_ACTIVITY_
Could you set down every entry exactly as it stands, without the images?

_MATERIAL PROVIDED_

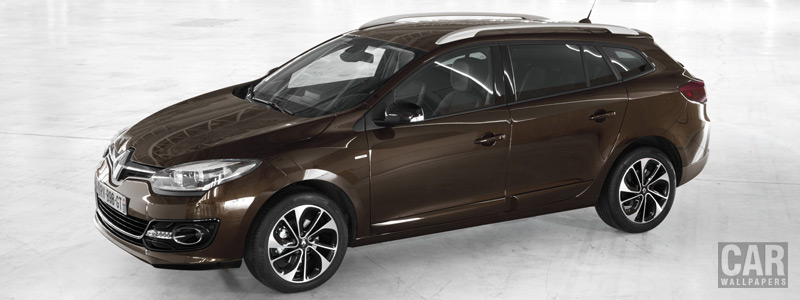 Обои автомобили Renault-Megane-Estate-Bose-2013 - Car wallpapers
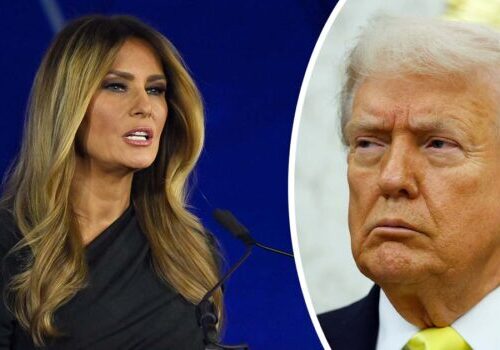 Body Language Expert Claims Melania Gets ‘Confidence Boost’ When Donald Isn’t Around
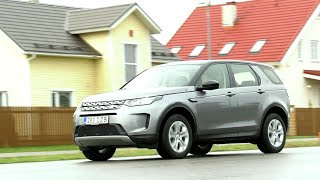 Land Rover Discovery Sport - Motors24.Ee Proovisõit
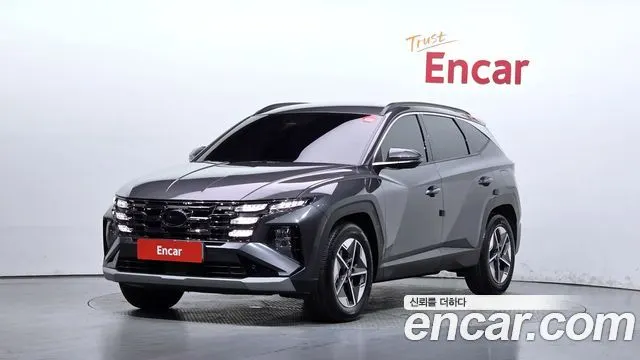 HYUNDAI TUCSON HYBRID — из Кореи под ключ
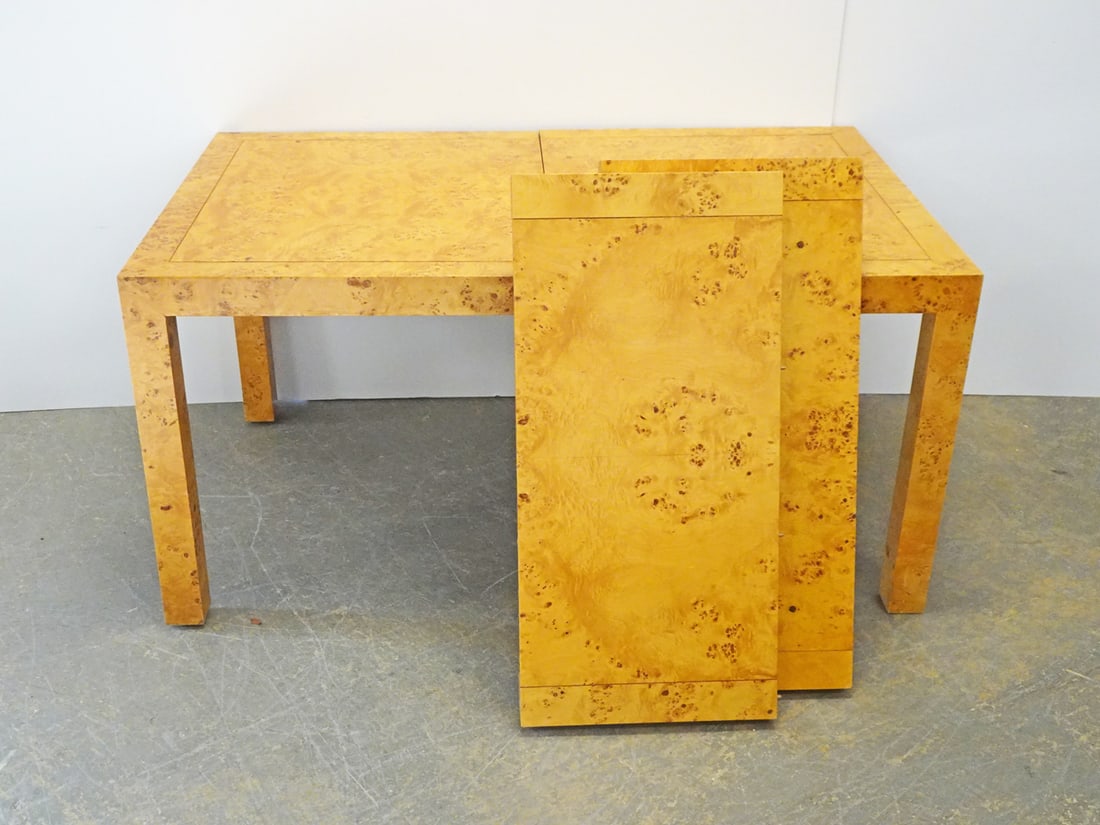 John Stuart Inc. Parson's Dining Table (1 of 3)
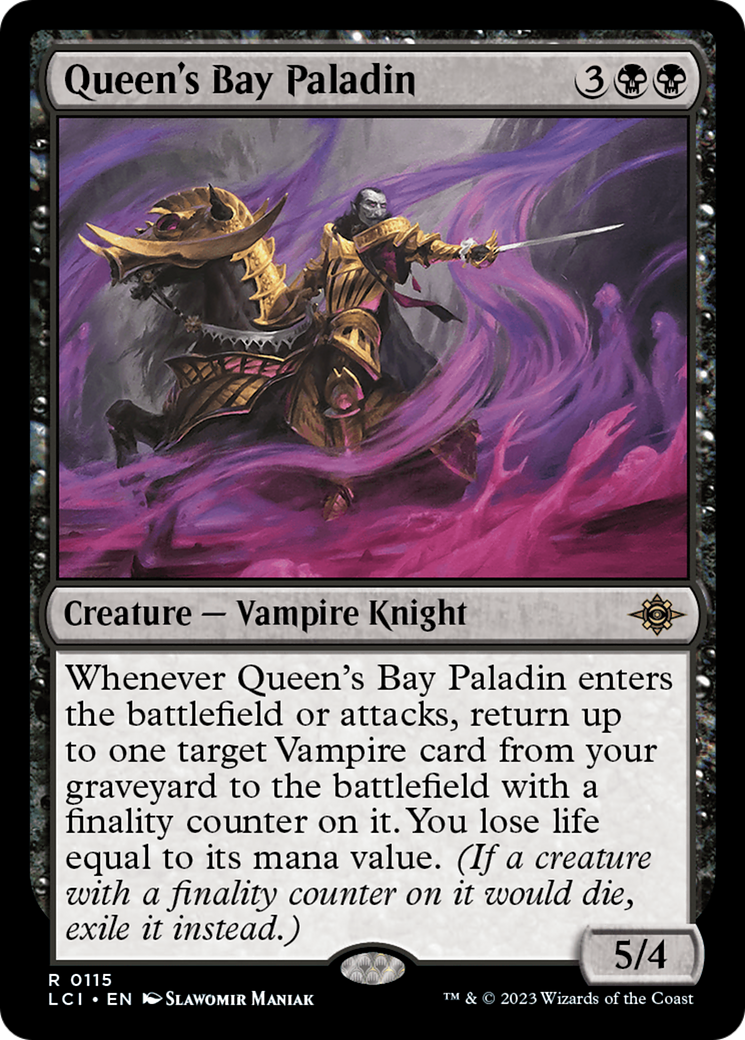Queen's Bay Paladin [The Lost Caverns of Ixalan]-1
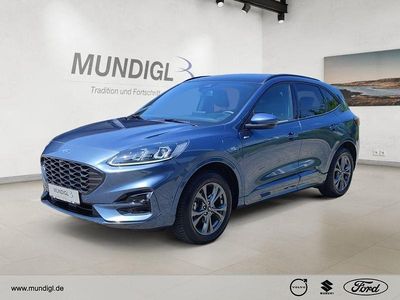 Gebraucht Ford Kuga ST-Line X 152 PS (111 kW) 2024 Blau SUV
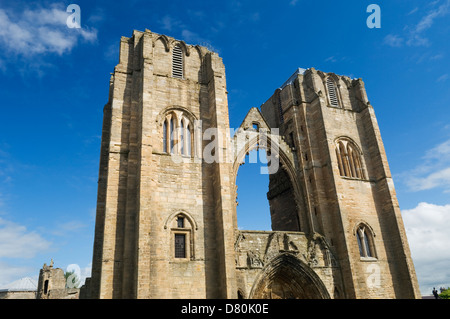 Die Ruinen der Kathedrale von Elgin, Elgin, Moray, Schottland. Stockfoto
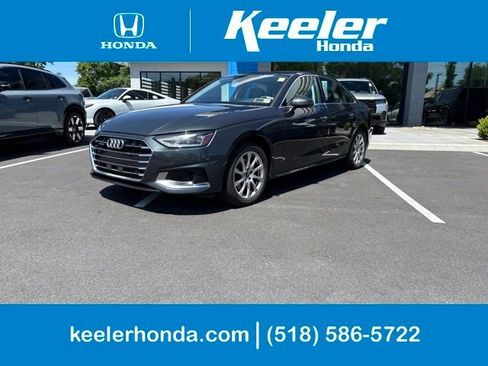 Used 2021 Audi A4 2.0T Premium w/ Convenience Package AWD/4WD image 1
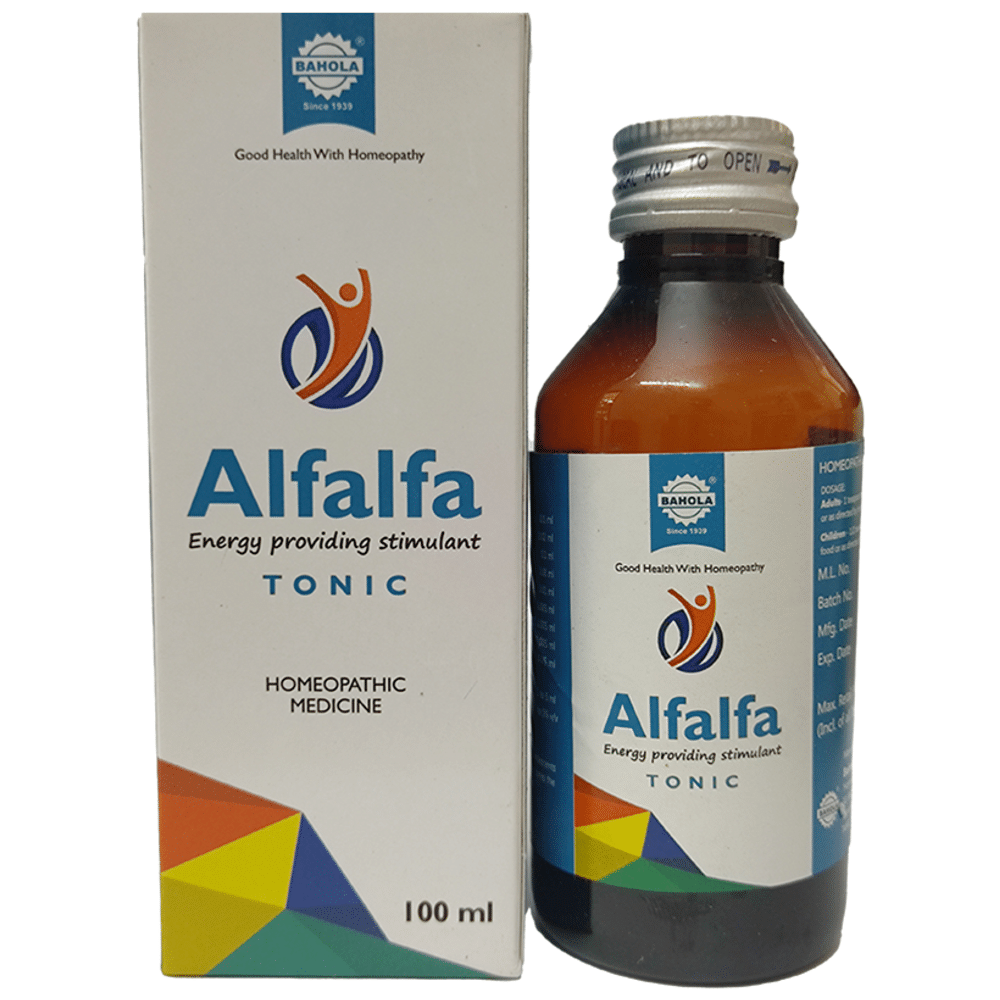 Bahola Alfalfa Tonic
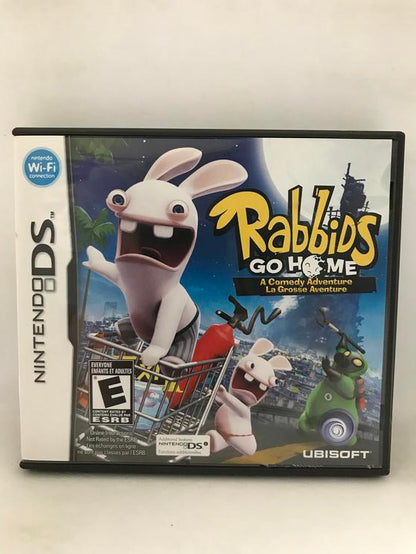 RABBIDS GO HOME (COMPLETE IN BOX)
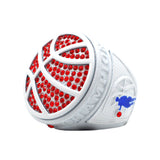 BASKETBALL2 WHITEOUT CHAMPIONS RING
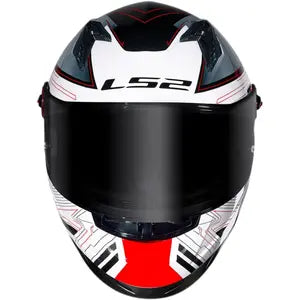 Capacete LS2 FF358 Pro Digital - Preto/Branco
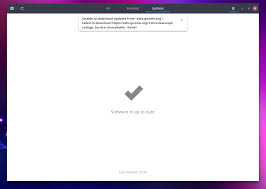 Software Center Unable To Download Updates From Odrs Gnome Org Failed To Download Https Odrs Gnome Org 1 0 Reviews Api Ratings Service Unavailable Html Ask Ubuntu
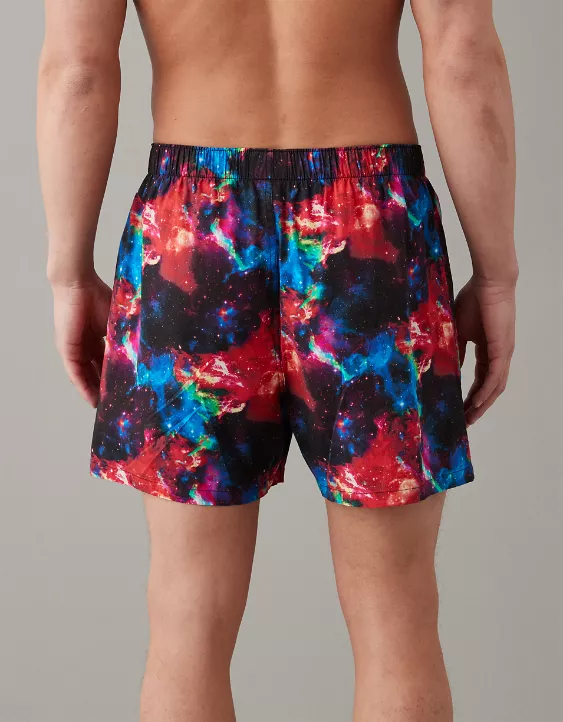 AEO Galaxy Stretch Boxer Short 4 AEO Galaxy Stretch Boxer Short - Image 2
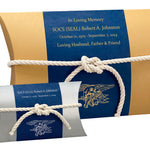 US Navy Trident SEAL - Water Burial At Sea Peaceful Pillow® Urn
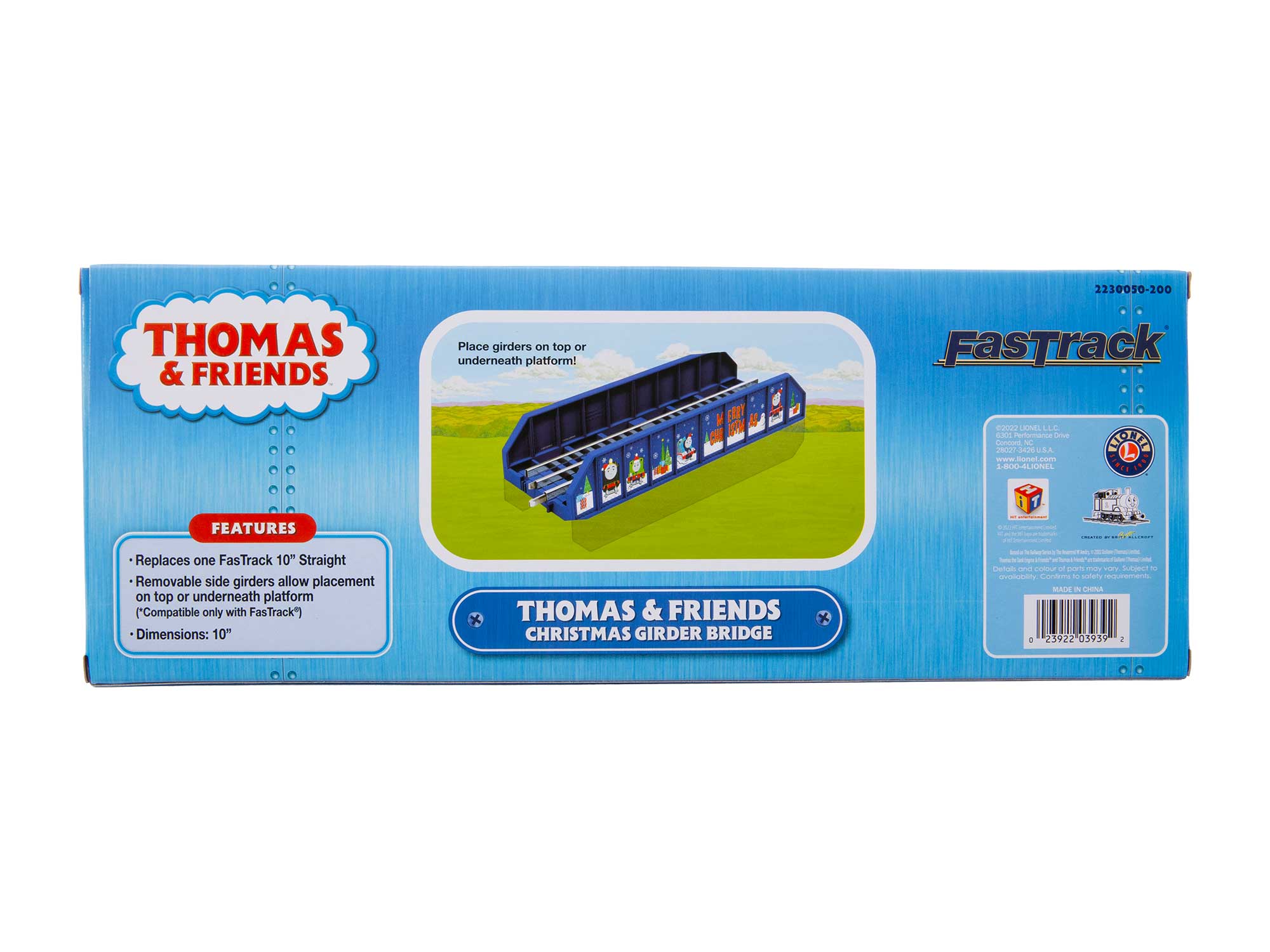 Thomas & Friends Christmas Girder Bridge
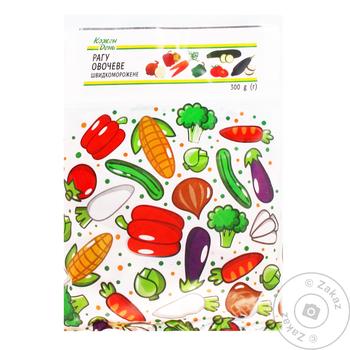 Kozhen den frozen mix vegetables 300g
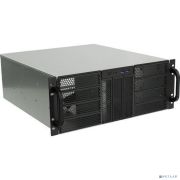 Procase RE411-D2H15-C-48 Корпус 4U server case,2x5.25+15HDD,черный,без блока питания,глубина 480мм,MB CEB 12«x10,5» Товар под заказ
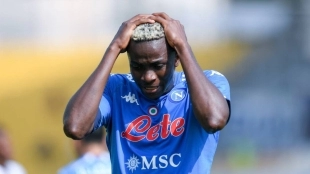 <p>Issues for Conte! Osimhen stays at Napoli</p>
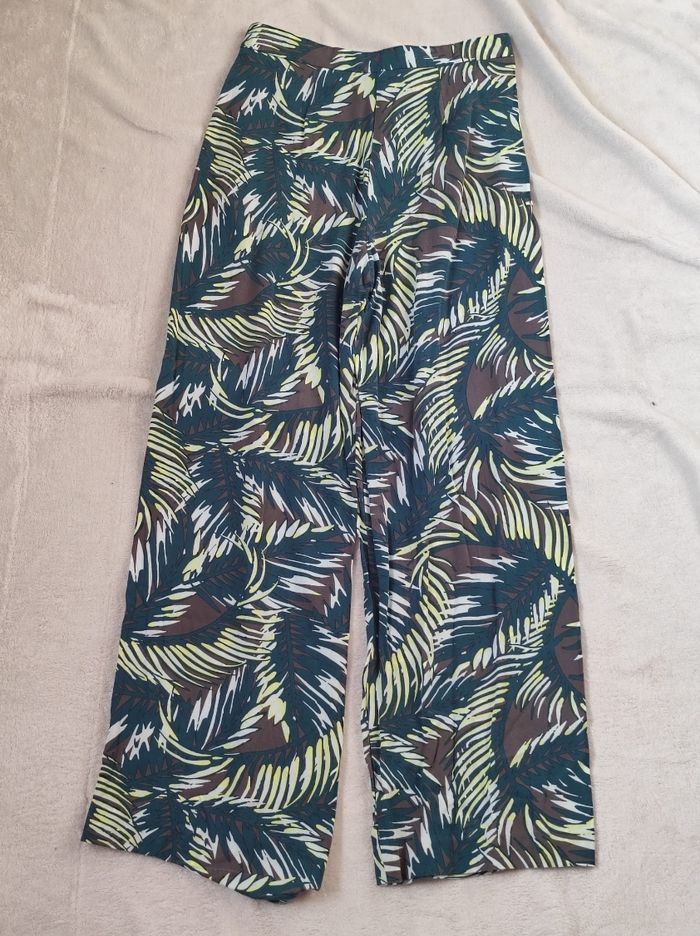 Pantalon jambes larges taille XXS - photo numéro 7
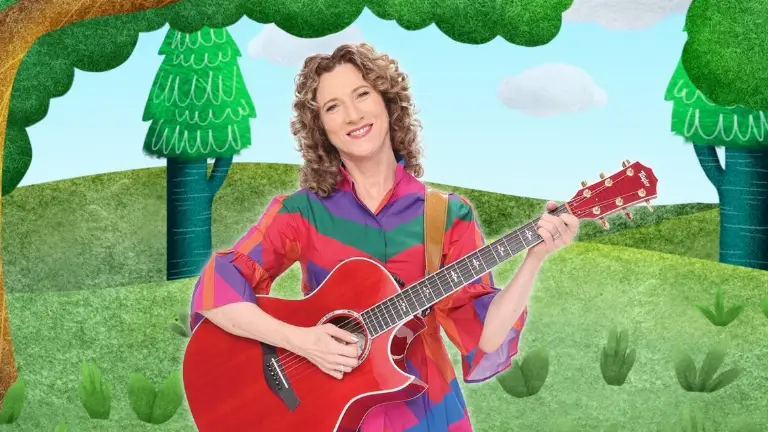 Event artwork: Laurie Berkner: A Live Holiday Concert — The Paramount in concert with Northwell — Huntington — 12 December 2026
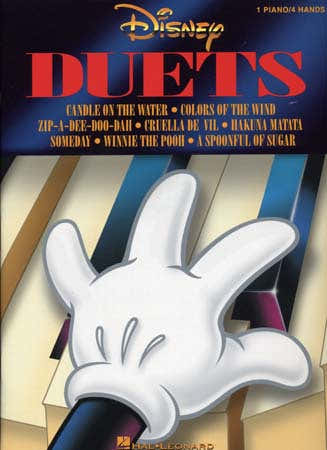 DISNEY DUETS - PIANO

_WRITTEN SOLUTION_
 Обои автомобили Renault-Megane-Estate-Bose-2013 - Car wallpapers
 Body Language Expert Claims Melania Gets ‘Confidence Boost’ When Donald Isn’t Around
 Land Rover Discovery Sport - Motors24.Ee Proovisõit
 HYUNDAI TUCSON HYBRID — из Кореи под ключ
 John Stuart Inc. Parson's Dining Table (1 of 3)
Queen's Bay Paladin [The Lost Caverns of Ixalan]-1
 Gebraucht Ford Kuga ST-Line X 152 PS (111 kW) 2024 Blau SUV
 Die Ruinen der Kathedrale von Elgin, Elgin, Moray, Schottland. Stockfoto
 Used 2021 Audi A4 2.0T Premium w/ Convenience Package AWD/4WD image 1
 Bahola Alfalfa Tonic
 RABBIDS GO HOME (COMPLETE IN BOX)
 BASKETBALL2 WHITEOUT CHAMPIONS RING
 Capacete LS2 FF358 Pro Digital - Preto/Branco
 Software Center Unable To Download Updates From Odrs Gnome Org Failed To Download Https Odrs Gnome Org 1 0 Reviews Api Ratings Service Unavailable Html Ask Ubuntu
 AEO Galaxy Stretch Boxer Short 4 AEO Galaxy Stretch Boxer Short - Image 2
 US Navy Trident SEAL - Water Burial At Sea Peaceful Pillow® Urn
 Thomas & Friends Christmas Girder Bridge
 Kozhen den frozen mix vegetables 300g
 Procase RE411-D2H15-C-48 Корпус 4U server case,2x5.25+15HDD,черный,без блока питания,глубина 480мм,MB CEB 12«x10,5» Товар под заказ
 <p>Issues for Conte! Osimhen stays at Napoli</p>
 Pantalon jambes larges taille XXS - photo numéro 7
 Event artwork: Laurie Berkner: A Live Holiday Concert — The Paramount in concert with Northwell — Huntington — 12 December 2026
 DISNEY DUETS - PIANO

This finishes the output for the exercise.